### Problem to solve
The expected output is the line with "Retro Soccer Jersey" plus all lines after it to the end of the material below, reproduced exactly, with pictures omitted and nothing else included.

### Input material
____

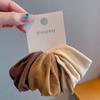 Cuerda para la Cabeza de Mascarilla de Alta Elasticidad sin Goma para Niñas Cuerda para Cola de Caballo de Alta Elasticidad sin Interfaz Color Duradero Dulce Cuerda para el Cabello Padre-Hijo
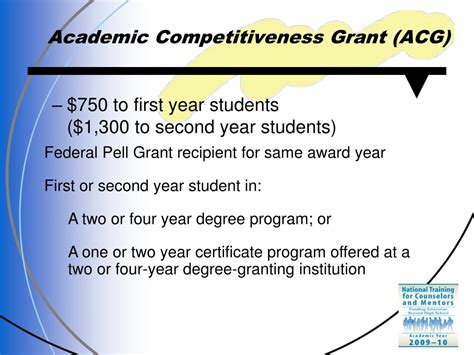 Academic Competitiveness Grant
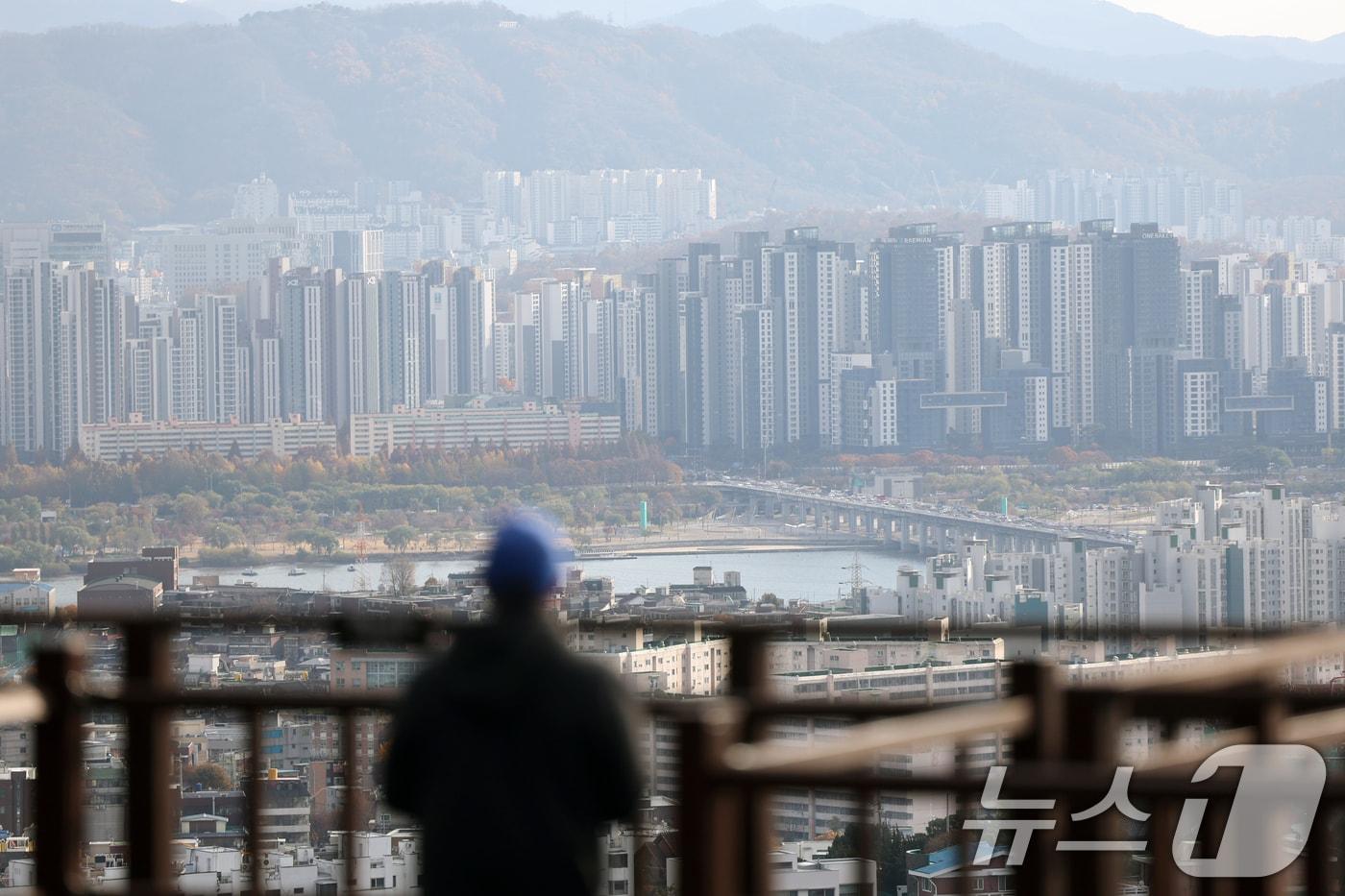 하서울시내 아파트 및 주택 단지. 2025.11.21/뉴스1 ⓒ News1 황기선 기자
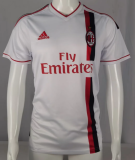 2011/2012  AC Milan Away White Fans 1:1 Retro Soccer Jersey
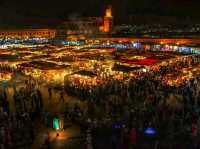 Jemaa el-Fnaa – The Pulsing Heart of Marrakech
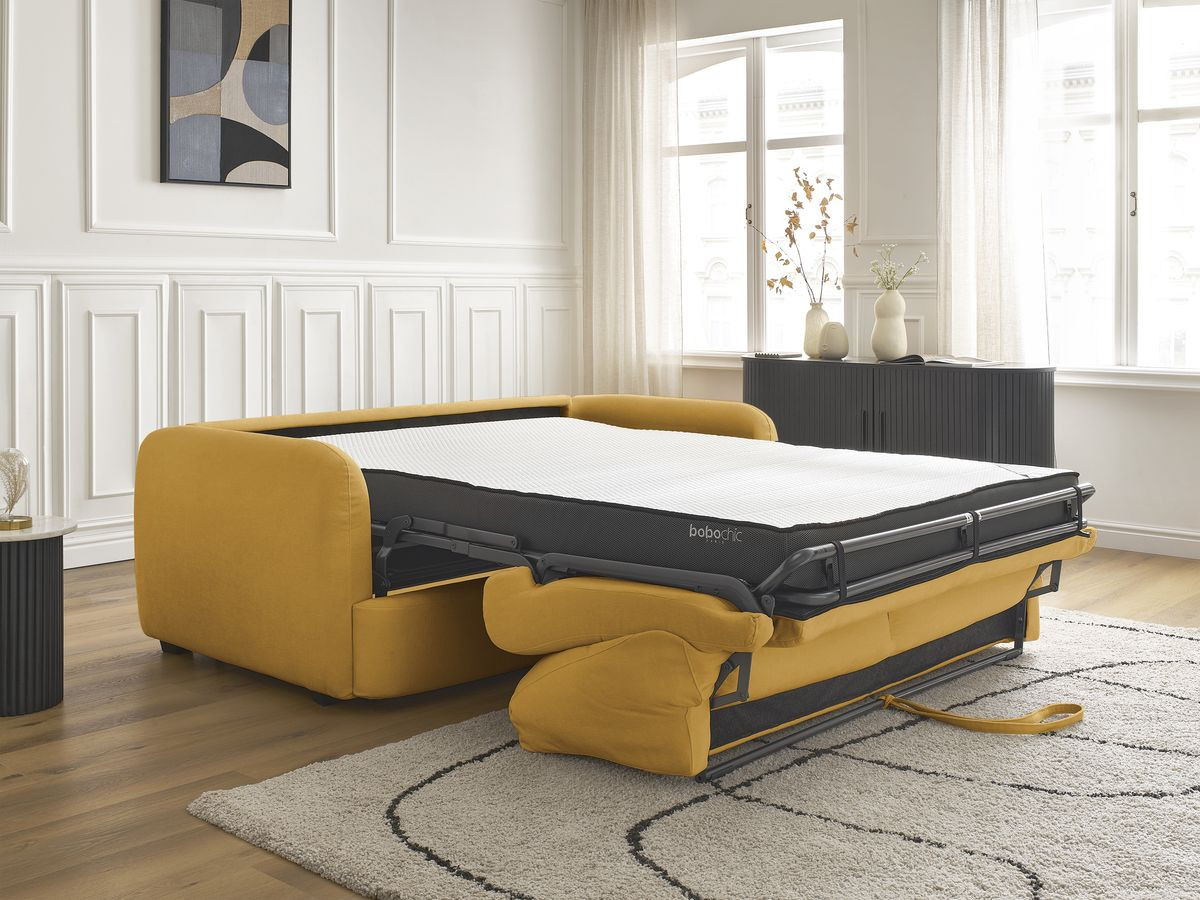 JAURES rechte slaapbank met express-opening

____

### Exercise output
 2011/2012  AC Milan Away White Fans 1:1 Retro Soccer Jersey
 Jemaa el-Fnaa – The Pulsing Heart of Marrakech
 JAURES rechte slaapbank met express-opening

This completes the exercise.